| AVAILABLE RECORDS |
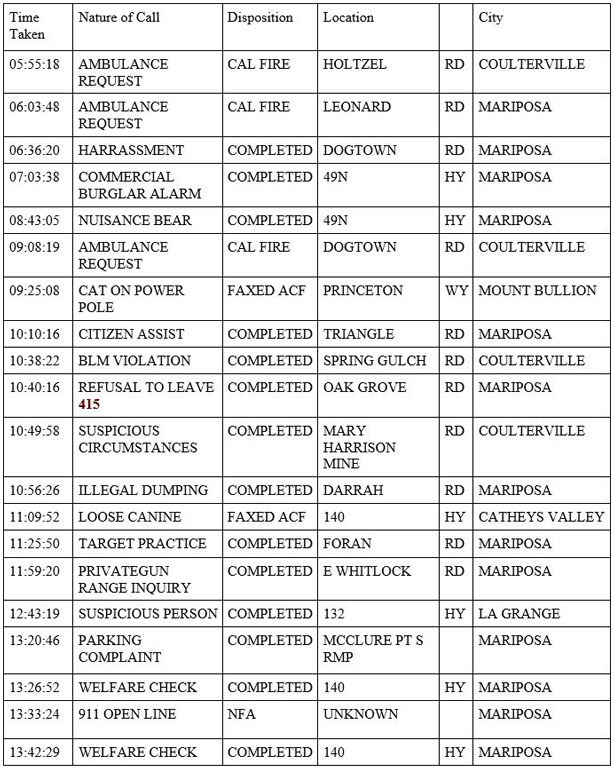 mariposa county booking report for may 24 2020 1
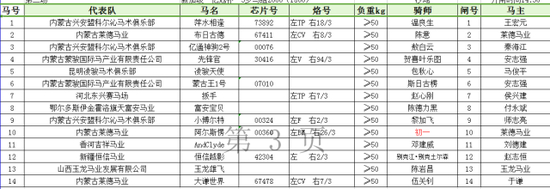 3、新加坡“亿冠杯”3岁马组1800米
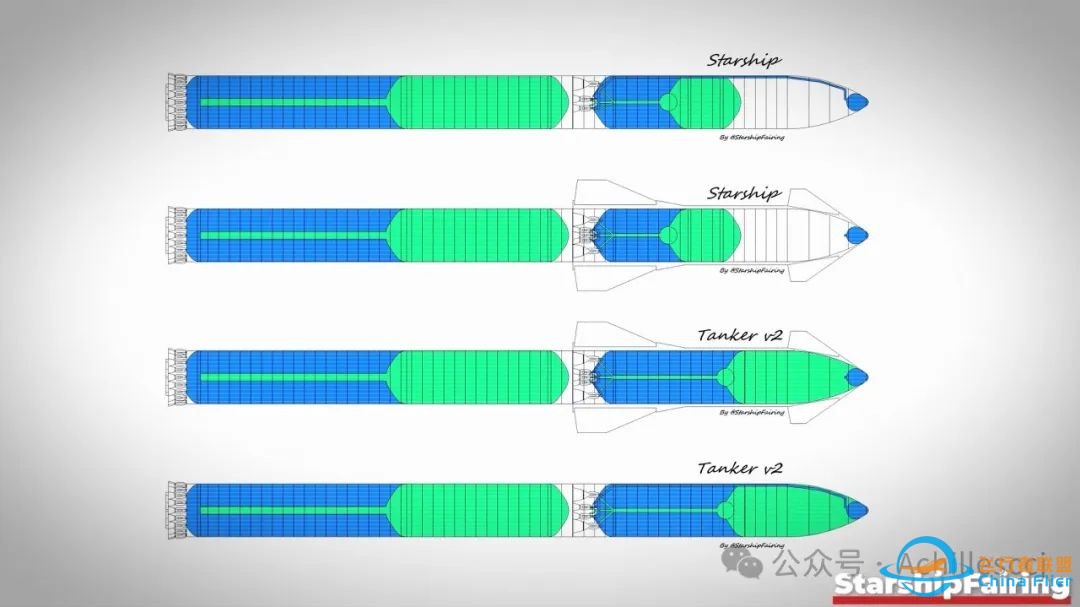 SpaceX 雄心勃勃的2025计划w11.jpg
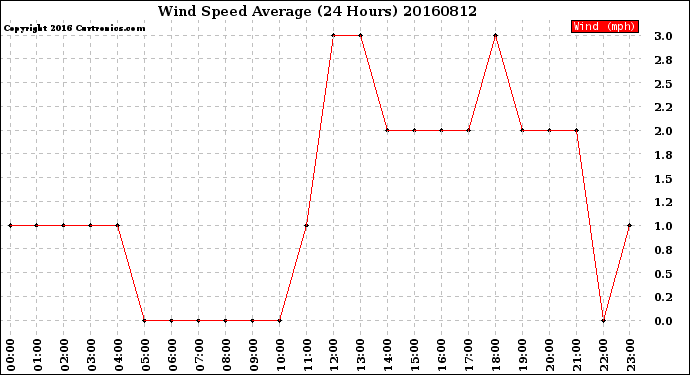 Milwaukee Weather Wind Speed<br>Average<br>(24 Hours)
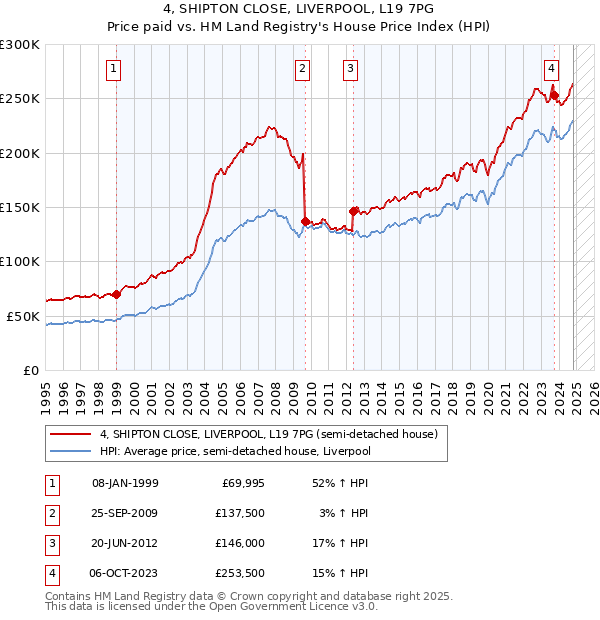 4, SHIPTON CLOSE, LIVERPOOL, L19 7PG: Price paid vs HM Land Registry's House Price Index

| WHAT THIS TASK INVOLVES |
Quote the preceding records in their entirety, excluding every picture.

| RESULT FOR THIS TASK |
 mariposa county booking report for may 24 2020 1
 3、新加坡“亿冠杯”3岁马组1800米
 SpaceX 雄心勃勃的2025计划w11.jpg
 Milwaukee Weather Wind Speed<br>Average<br>(24 Hours)
 4, SHIPTON CLOSE, LIVERPOOL, L19 7PG: Price paid vs HM Land Registry's House Price Index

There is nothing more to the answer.